It started off with dozens of auctions, garage sales and flea markets. Loseke bought everything he thought he could fix and resell. Lawnmowers, he says, were his specialty.
The 2006 Norris High School graduate just sort of happened upon the barrel business, which at that time was not really a thing. But he immediately saw two things every entrepreneur craves: supply and demand.
After buying his first batch of barrels — a modest 25 of them from a winery in Napa — he struggled to resell them.
“They were selling, but not very quickly,” he said. “And then somebody told me craft breweries were barrel-aging their beer. I had no idea that was a thing.”
It turned out to be a game-changer. He researched the subject and then loaded one of the barrels into the back of his Chevy pickup. He made the rounds through Lincoln, from brewery to brewery, asking beermakers to smell the inside of the barrel.
“They thought I was crazy,” he says.
But somehow it worked. The local breweries — places like Blue Blood and Zipline — began buying them, aging their beers in them to extract the oak and Chardonnay notes.
Loseke did that for a couple of years, slowly growing what he was reluctant to call a business.
In actuality, he didn’t know what to call it.
“It got to the point where he said, ‘This is either a hobby that’s gotten too big or a business that’s too small,’” said Jessica Loseke, Ben’s wife who now is Midwest Barrel’s CEO. “’It’s one or the other.’”
They chose the latter. They had a small business on their hands. They also had the good fortune of a perfectly timed market that placed them on the ground floor of a venture that was ready to take off.

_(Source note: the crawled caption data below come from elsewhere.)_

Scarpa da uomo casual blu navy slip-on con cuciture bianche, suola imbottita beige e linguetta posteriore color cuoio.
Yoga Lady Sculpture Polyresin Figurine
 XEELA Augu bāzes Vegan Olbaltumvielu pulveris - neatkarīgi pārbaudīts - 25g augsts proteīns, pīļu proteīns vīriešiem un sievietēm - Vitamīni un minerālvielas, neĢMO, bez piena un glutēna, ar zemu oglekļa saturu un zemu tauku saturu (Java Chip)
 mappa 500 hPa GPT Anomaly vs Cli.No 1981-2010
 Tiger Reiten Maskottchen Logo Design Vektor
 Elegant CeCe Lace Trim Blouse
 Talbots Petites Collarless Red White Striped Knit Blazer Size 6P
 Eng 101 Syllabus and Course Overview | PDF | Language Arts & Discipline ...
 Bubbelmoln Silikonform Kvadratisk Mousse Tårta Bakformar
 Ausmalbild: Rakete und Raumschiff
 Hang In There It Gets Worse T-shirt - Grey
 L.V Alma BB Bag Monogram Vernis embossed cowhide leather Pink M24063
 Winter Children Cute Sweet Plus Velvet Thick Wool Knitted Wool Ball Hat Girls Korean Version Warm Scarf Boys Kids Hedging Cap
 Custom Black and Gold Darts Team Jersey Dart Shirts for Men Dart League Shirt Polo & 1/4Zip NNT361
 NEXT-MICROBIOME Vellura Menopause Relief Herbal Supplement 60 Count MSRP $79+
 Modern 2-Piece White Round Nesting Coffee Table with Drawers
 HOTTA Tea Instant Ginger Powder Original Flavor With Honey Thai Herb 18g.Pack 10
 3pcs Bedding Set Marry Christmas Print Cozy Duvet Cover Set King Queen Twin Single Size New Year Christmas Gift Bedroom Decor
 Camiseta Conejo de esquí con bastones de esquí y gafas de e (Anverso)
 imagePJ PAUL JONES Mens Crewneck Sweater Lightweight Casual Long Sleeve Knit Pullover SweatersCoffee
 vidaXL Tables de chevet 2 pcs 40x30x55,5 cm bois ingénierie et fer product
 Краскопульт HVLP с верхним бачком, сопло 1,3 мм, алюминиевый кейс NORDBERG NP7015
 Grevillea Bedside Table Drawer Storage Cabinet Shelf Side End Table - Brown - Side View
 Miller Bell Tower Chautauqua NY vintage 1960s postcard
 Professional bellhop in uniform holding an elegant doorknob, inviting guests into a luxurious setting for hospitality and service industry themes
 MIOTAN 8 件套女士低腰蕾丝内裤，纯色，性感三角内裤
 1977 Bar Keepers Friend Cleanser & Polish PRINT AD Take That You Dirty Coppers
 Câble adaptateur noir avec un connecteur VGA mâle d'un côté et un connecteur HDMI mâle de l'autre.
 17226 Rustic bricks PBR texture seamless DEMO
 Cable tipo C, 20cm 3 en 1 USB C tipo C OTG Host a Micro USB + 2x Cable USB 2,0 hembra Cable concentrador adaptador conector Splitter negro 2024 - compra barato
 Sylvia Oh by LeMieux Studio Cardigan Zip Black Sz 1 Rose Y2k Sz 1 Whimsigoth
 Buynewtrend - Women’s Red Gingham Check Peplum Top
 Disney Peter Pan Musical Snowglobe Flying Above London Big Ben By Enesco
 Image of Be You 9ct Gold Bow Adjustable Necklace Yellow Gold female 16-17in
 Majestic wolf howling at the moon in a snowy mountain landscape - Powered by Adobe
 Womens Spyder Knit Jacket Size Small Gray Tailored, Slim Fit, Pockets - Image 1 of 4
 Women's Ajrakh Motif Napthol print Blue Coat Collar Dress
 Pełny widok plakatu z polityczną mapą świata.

The Midwest Barrel Co. warehouse has an inventory of more than 10,000 barrels.
Not long after, he fully committed to the business by buying a truckload — 270 of them in all at a cost of $25,000 — of barrels, all kinds from Ports to blushes to Cabernets and crammed them into six storage units on South Street.
“Today, it’s so surprising to me that people took me seriously,” Ben Loseke says. “They bought barrels from this random guy that was selling them out of a storage unit.”
Eventually, Midwest Barrel abandoned the storage units and moved into office space big enough to warehouse thousands of barrels.
When Jim Ballard wanted to experiment with aging his James Arthur Vineyards wines in spirits barrels, he knew who to call.
Loseke’s father, Tim, was a contract grower of grapes for the Raymond winery and the two have known each other for years.
“I buy all my barrels from him,” Ballard said. “You walk into his warehouse, this huge place, and there’s this incredible smell because there’s all these used barrels. He’s grown that business in a very short time.
“That’s a pretty good hobby.”
It’s a hobby no more, remember?
Ben Loseke is quick to give most of the credit for that to Jessica, who would eventually join the company, but not without reservation from her husband.
In 2017, Jessica had a good job in human resources. She’d just given birth to their second child and pitched the idea of working at the barrel company.
Ben Loseke wasn’t sure the company could survive so he was reluctant to have his wife give up her paycheck.
“I was like, ‘No way. It’s not a real business,’” he said. “It was way too risky for us to be doing that. She had a good job, why would she leave that?”
Eventually, she just did it. She left her job and showed up for work at Midwest Barrel.
She also hired Hoefler, who said Ben Loseke was reluctant to do so “because he didn’t want to lose his best friend” if the business failed.
“She makes all the big decisions,” Ben Loseke said. “She’s the visionary of the company and has big audacious goals for it and wants to push us to new levels.”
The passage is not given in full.